'Missed text meant I escaped bomb blast that killed 19' - Dubliner Orla
A Dubliner has revealed that she narrowly escaped an explosion that claimed the lives of at least 19 people in central Bangkok yesterday, because she hadn't seen a text message from her friend saying she was nearby to meet.
A bomb exploded near the Erawan Shrine in central Bangkok - a spot popular with tourists and Thai people alike - at around 7pm yesterday evening, injuring more than 100 people.
UN worker Orla Fagan was due to meet a friend in the area last night.
"We would have been walking past there at that time," she told the Herald.
Ms Fagan heard the explosion from her home in the Thai capital, which is some 300 metres from the blast site, she said.
"I've lived in Baghdad and Kabul so I knew it was a bomb. I could feel the windows shaking and I jumped," she said.
"You can tell when it's a bomb, you can feel it in your belly and I learned to identify that feeling over time," she explained.
Ms Fagan said that she is being kept updated via UN security and will work from home today. Schools in the region will also be closed as there are fears of another explosion.
A controlled explosion was also carried out on a second device discovered strapped to a pole on the city's famous Skywalk, Ms Fagan said.
"We could hear that, it's more of a dull rumbling noise. If that had gone off the damage that would have been caused is unthinkable," she said.
"It was so unexpected. They have targeted the tourist industry, which accounts for 20pc of Thailand's GDP. If it goes the economy will not survive. There are different reports here of how many have died, but there are certainly lots of serious injuries also, there were body parts all over the streets."
Meanwhile, Ciaran McCarthy arrived in the city on Sunday night with his brother Eoin and Eoin's wife Louise. They are staying at the five star Sivatel Hotel, just two streets away. They passed through the intersection 10 minutes before the blast.
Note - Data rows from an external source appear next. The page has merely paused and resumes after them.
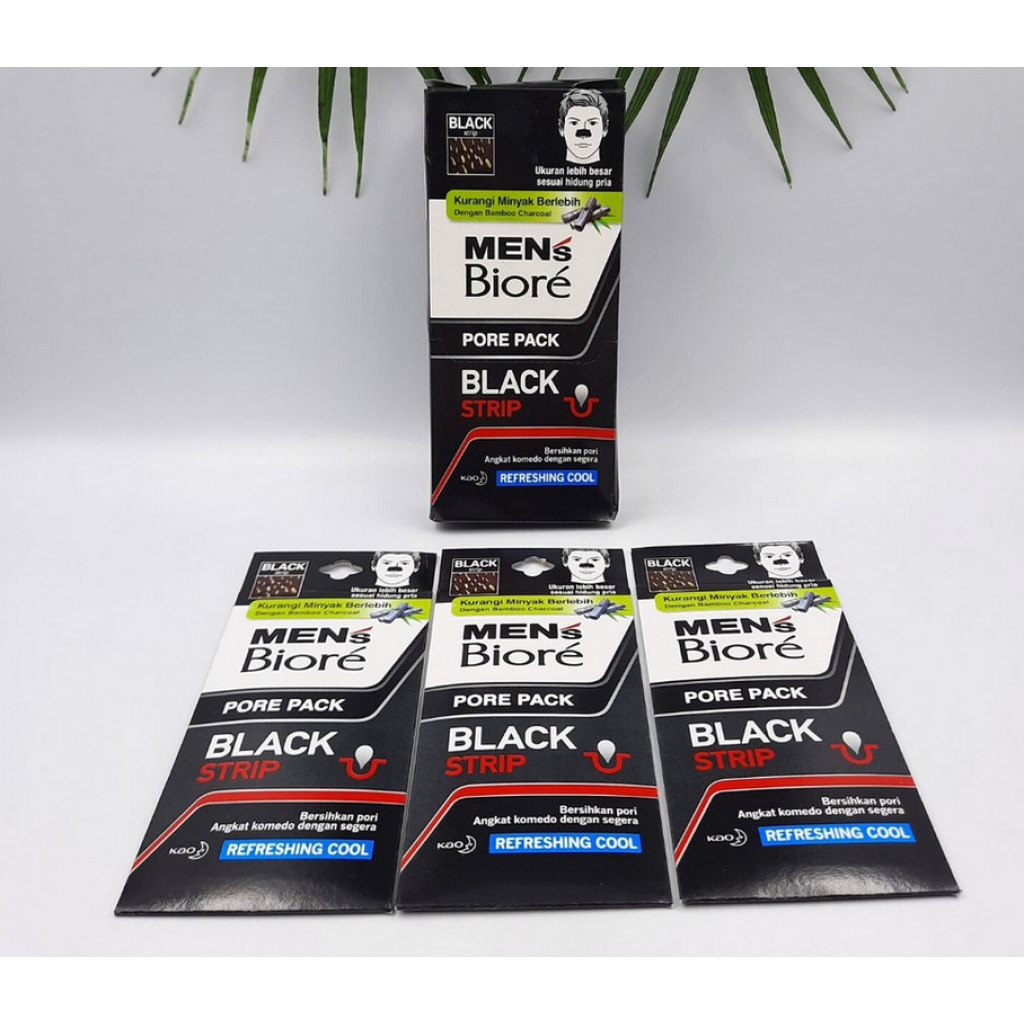 Biore Men Pore Pack Black 10pcs.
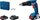 Kaçavidë me bateri Bosch Professional GTB 185-LI, 18V, 2x2.0Ah, blu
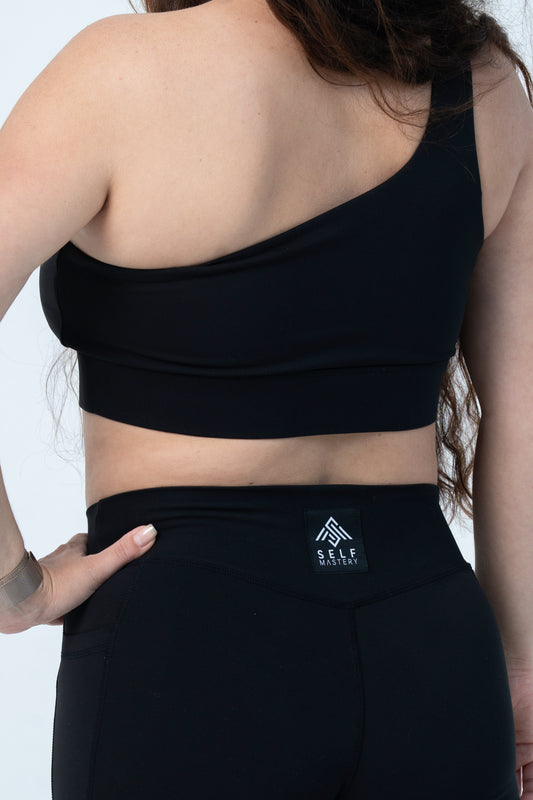 One Shoulder Sports Bra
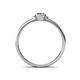 4 - Diana Desire Oval Cut Blue Sapphire Solitaire Engagement Ring 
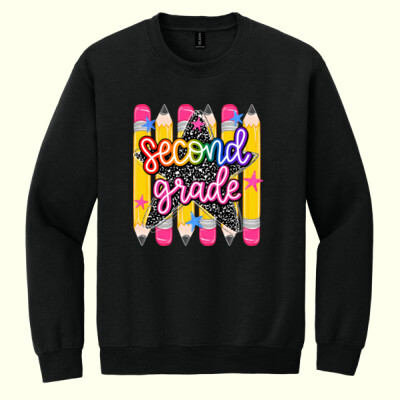 Second Grade Pencils 89-247 - Heavy Blend Crewneck Sweatshirt Thumbnail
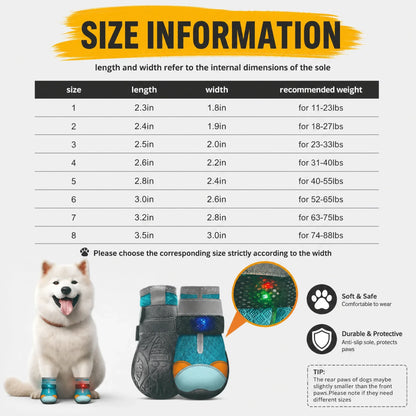 Ravunelo™ Breathable Mesh Dog Shoes with Luminous Soles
Last night the trio were on lockdown in their hotel, but said that they felt lucky to have narrowly missed being caught up in the attack.
"It's only around the corner from where we are staying. It could have easily been us," Ciaran (34) said.
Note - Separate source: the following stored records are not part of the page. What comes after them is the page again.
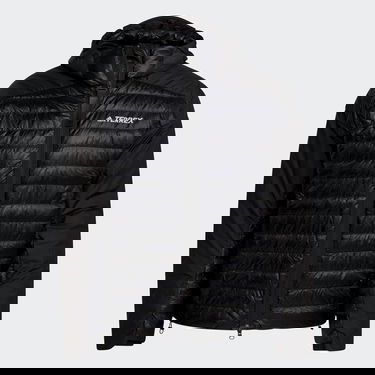 Prešívaná bunda adidas Performance Terrex MYSHELTER Down Hooded Jacket Čierna | GI7295, 1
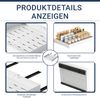 Home Nature Wohnkonzept Küchenschrank Ausziehschublade, 1er Set, mit Klebehalterung ohne Bohren, 52 x 53 x 7,5 cm, Karbonstahl, Vielseitig für Küche und Bad, Weiß Bild 5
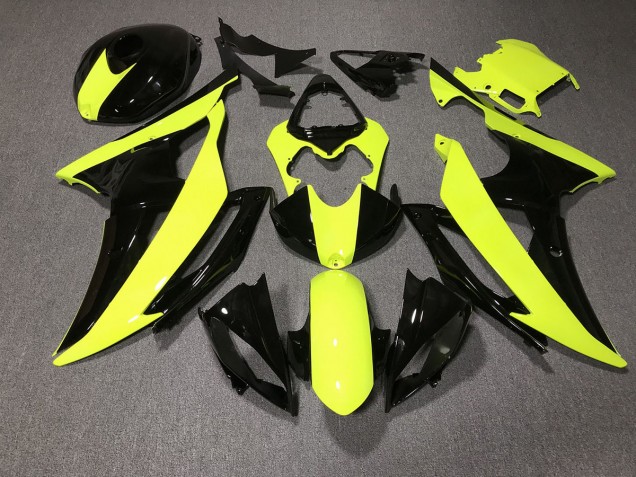 Best High Viz and Black Custom Yamaha R6 Motorcycle Fairings 2008-2016 Best High Viz and Black Custom Yamaha R6 Motorcycle Fairings 2008-2016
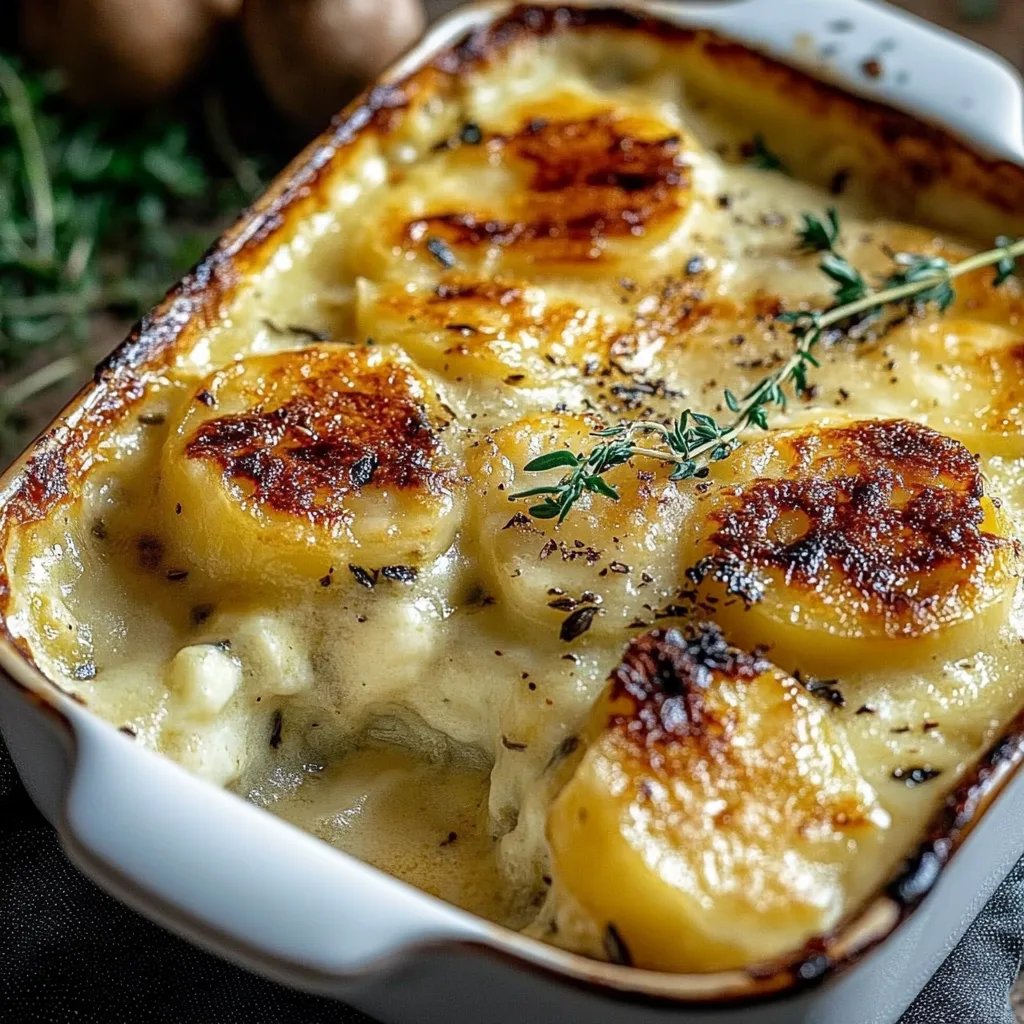 Cremiges Kartoffelgratin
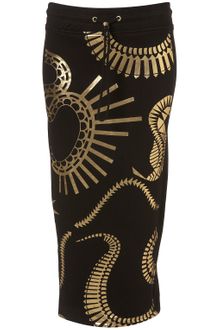 Topshop Foil Cobra Skirt By Unique** - Lyst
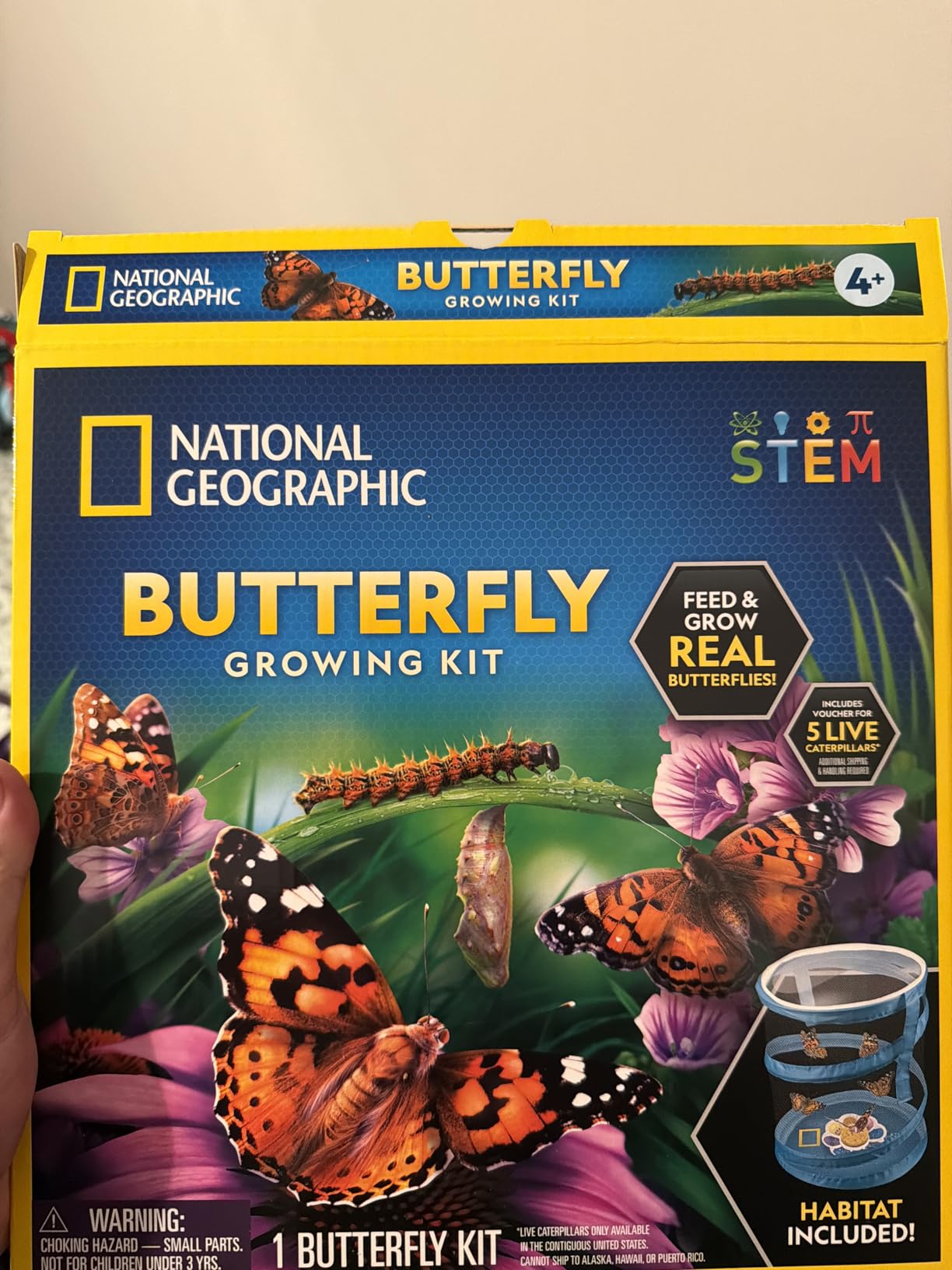 National Geographic Butterfly Growing and Bug Catcher Kit for Kids | Butterfly Habitat, Voucher for 5 Caterpillars, Magnified Bug Habitat, Catching Tools, Metamorphosis Science, Outdoor Learning customer photo 1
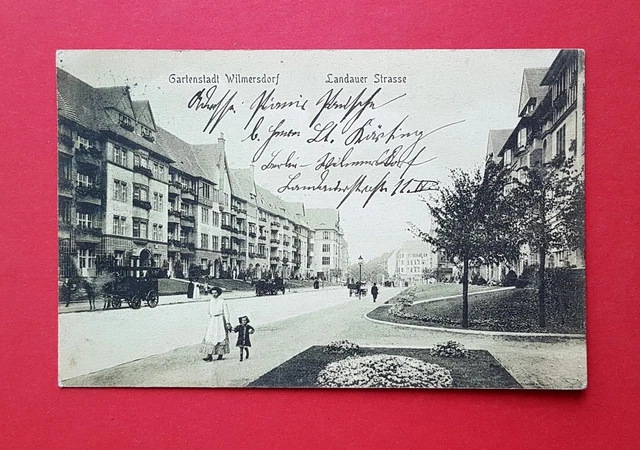 AK BERLIN Wilmersdorf 1912 Blick in die Landauer Strasse   ( 37444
"If we had been a few minutes later definitely we could have been in it, so it's quite strange to think about that."
No one immediately claimed responsibility for the blast, which caused the worst carnage of any single attack in recent memory in the Thai capital.
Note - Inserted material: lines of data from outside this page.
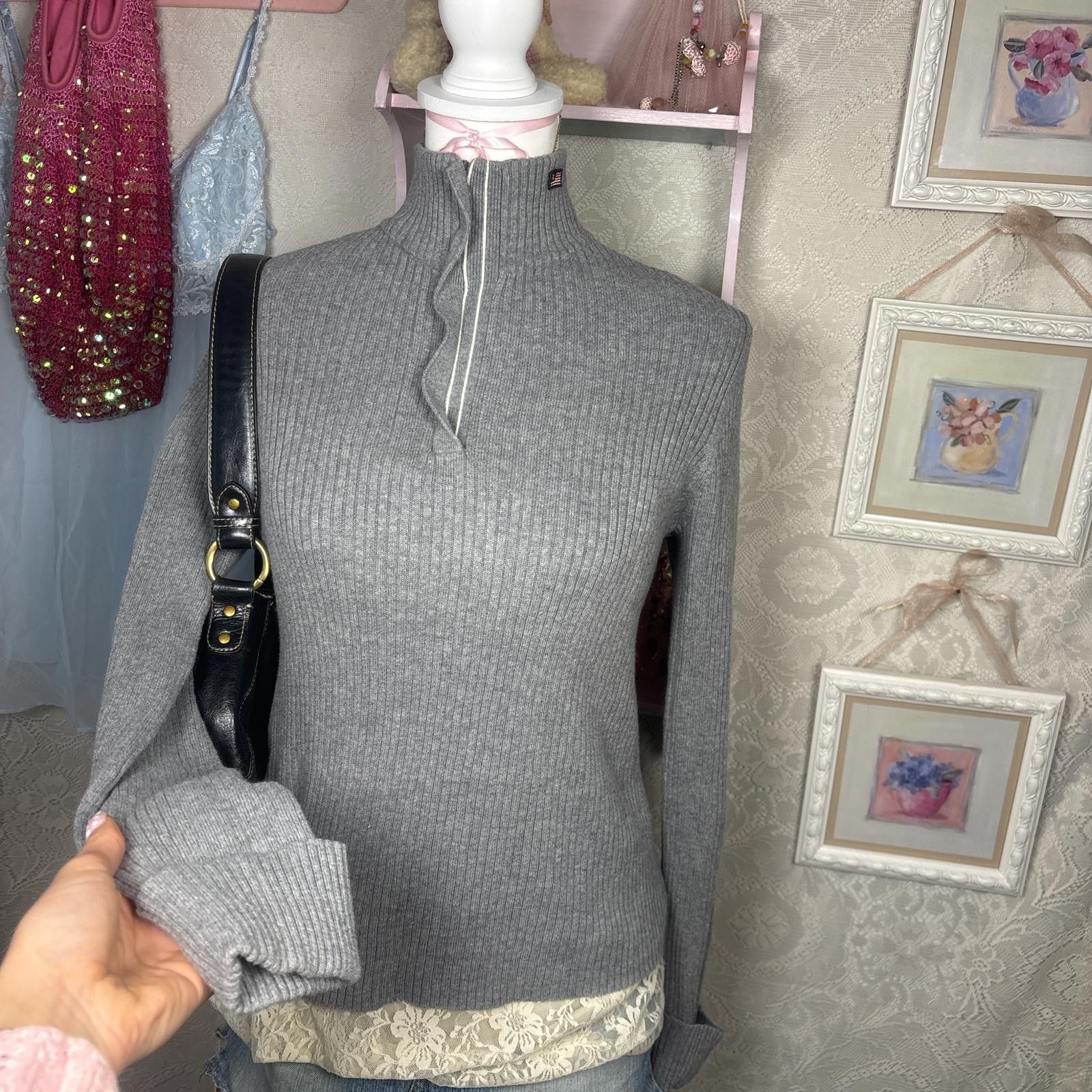 Polo Ralph Lauren vintage gray ralph lauren quarter zip Size L / US 10 / IT 46 - 3 Thumbnail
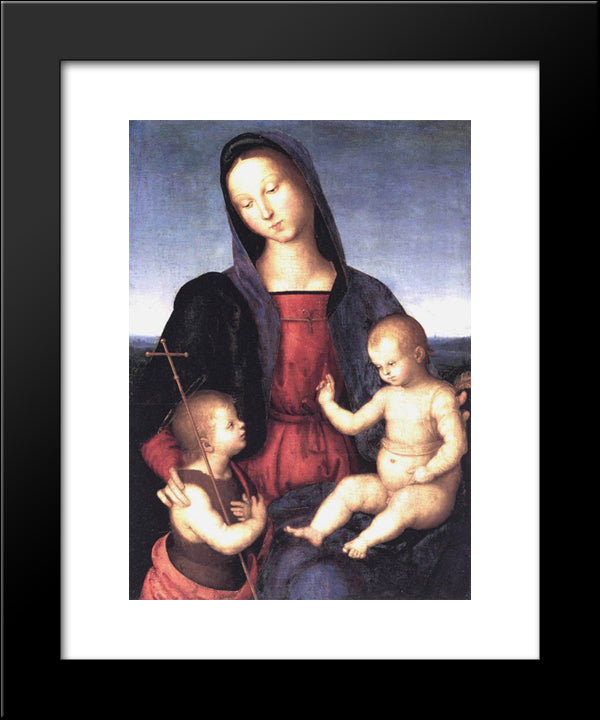 Diotalevi Madonna 20x24 Black Modern Wood Framed Art Print Poster by Raphael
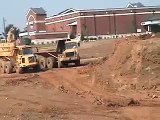 Construction Site #1 - excavator, bulldozer, and dump truck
Bangkok has been relatively peaceful since a military coup ousted a civilian government in May last year, after several months of sometimes violent political protests against the previous government.
Police said the bomb was made from a pipe wrapped in cloth.
"Whoever planted this bomb is cruel and aimed to kill," said national police chief Somyot Poompummuang.
"Planting a bomb there means they want to see a lot of people dead."
It is not known if the attack is politically motivated or linked to religious tensions in the country's southern region.
The Irish embassy in Bangkok is continuing local inquiries, but last night there were no reports of Irish casualties a spokesperson for the Department of Foreign Affairs said.